If you’re planning your end zone dance or book release party and the contract isn’t signed or the ball hasn’t been thrown — that can trip you up and keep you from getting there. Focus on today, on what is in your hands.
Move with intention
When you go to tackle someone and you’re thinking “shit I’m not gonna be able to do this” or you’re holding back because you think this person maybe won’t get the ball … you play soft. You hit soft. You end up on your ass. “Be the hammer, not the nail,” our defense coach was always shouting at us.
When I was a newbie writer — for twenty years — I WROTE soft. I hedged my bets, kept things off-screen because I was afraid the reader would judge me or I didn’t trust my decision in the plot so I kept it vague in the hopes the reader had a better plot in their head. And that stuff does not work. You can’t cover zone and man at the same time – you’re not in the right position, and the play blows by you like you’re not even there. So these stories … the plot couldn’t be more than one thing at the same time, so it was essentially nothing, and I gave the slush readers an easy job rejecting me.
I don’t know how to stress enough how important it is to own your decisions, to let the story be ONE THING. It is a murder mystery or it is a caper or it is an epiphany – whatever you chose, own it.
I used to think that the more aspects I added to the story, the better. It could be a character exploration and a mystery and also have an experimental style and deal with some Big Issue and a new technology — no.
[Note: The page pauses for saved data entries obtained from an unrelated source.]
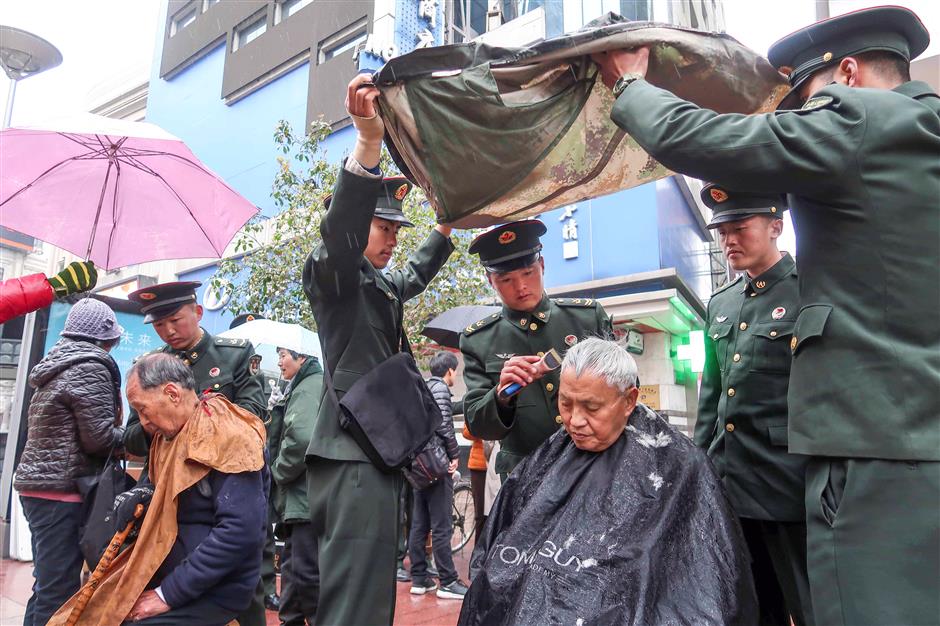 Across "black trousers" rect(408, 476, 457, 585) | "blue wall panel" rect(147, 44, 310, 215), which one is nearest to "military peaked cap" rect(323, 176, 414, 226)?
"black trousers" rect(408, 476, 457, 585)

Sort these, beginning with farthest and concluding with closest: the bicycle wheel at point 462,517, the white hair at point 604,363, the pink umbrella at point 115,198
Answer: the bicycle wheel at point 462,517, the pink umbrella at point 115,198, the white hair at point 604,363

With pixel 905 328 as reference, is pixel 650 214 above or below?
above

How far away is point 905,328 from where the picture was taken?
1.53 metres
I was muddying things, and it killed me in draft after draft. I didn’t trust any one of those things to stand on their own, and so they didn’t. If the quarterback doesn’t trust her receiver, she throws bad passes. If the halfback doesn’t trust the line’s blocking, she makes bad cuts. If you don’t trust your story to be what it was meant to be, you make bad writer decisions.
Ultimately, in writing as in competitive sports, leave it all on the field. No one’s gonna be around to see what you held back.